K-D Tree vs R-Tree for small, dynamic data

Question 1

It is incorrect that R-trees can't store points. They are designed to support rectangles, and will need to do so at inner nodes. But a good implementation should store points at the leaf level, and roughly have the double data capacity there.

You can trivially store point, and expose them as a "rectangles" with min=max to the tree management code.

Your data isn't small. Small would be like 100 objects. For 100 objects, an R-tree won't make much sense, as it would likely consists of a single leaf only. For good performance, an R-tree needs a good fan-out. k-d-tree always have a fan-out of 2; they are binary trees. At 100k objects, a k-d-tree will be pretty deep. Assuming that you have a fanout of 100 (for dynamic r-trees, you then should allow up to 200 objects per page), you can store 1 million points in a 3-level tree.
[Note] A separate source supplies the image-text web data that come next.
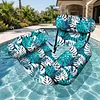 PVC Inflatable Floating Loungers with 3 Airbags Stylish Leaf Print Pool Lounger Stitch Reinforcement Maple Pattern Floating Recliner for Pool Beach Summer Water Play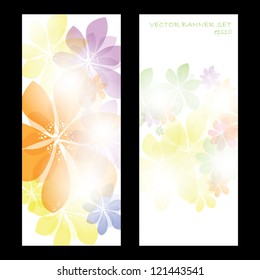 Colorful summer spring banner set with flowers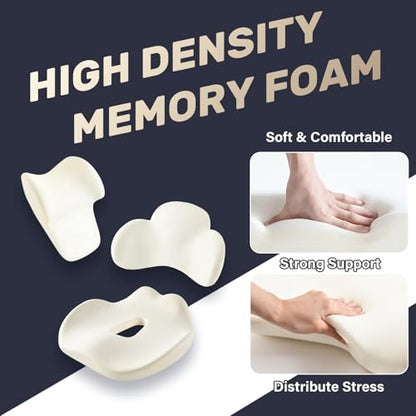 Car Seat Cushion and Lumbar Support with Headrest Pillow Memory Foam Ergonomic Back Support Driving Seat Cushion Neck Head Pillow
I've used the ELKI R*-tree, and it is really fast. But it's not commercial friendly, unless you get a different license: it's AGPL-3 licensed, which is a copyleft license.

Furthermore, the API isn't designed for standalone use. If you want to use them, the best way is to work with the full ELKI framework, instead of trying to rip out the R*-tree.

If your data is low dimensional (say, 3-dimensional) and has a finite bound, don't underestimate the performance of simple grid-based approaches. In particular for in-memory operations. In many cases, I wouldn't even go to an Octree, but just define the optimal grid for my use case, and then implement it using object lists. Keep sorted by one coordinate within each grid cell to further accelerate performance.

Question 2

If you want to frequently add/remove/update data points, you may want to look at the PH-Tree. The is on open source Java version available: www.phtree.org

It works a bit like a quadtree, but is much more efficient by using binary hypercubes and prefix-sharing.

It has excellent update performance (no rebalancing required) and is quite memory efficient. It works better with larger datasets, but 100K should be fine for 2 or 3 dimensions.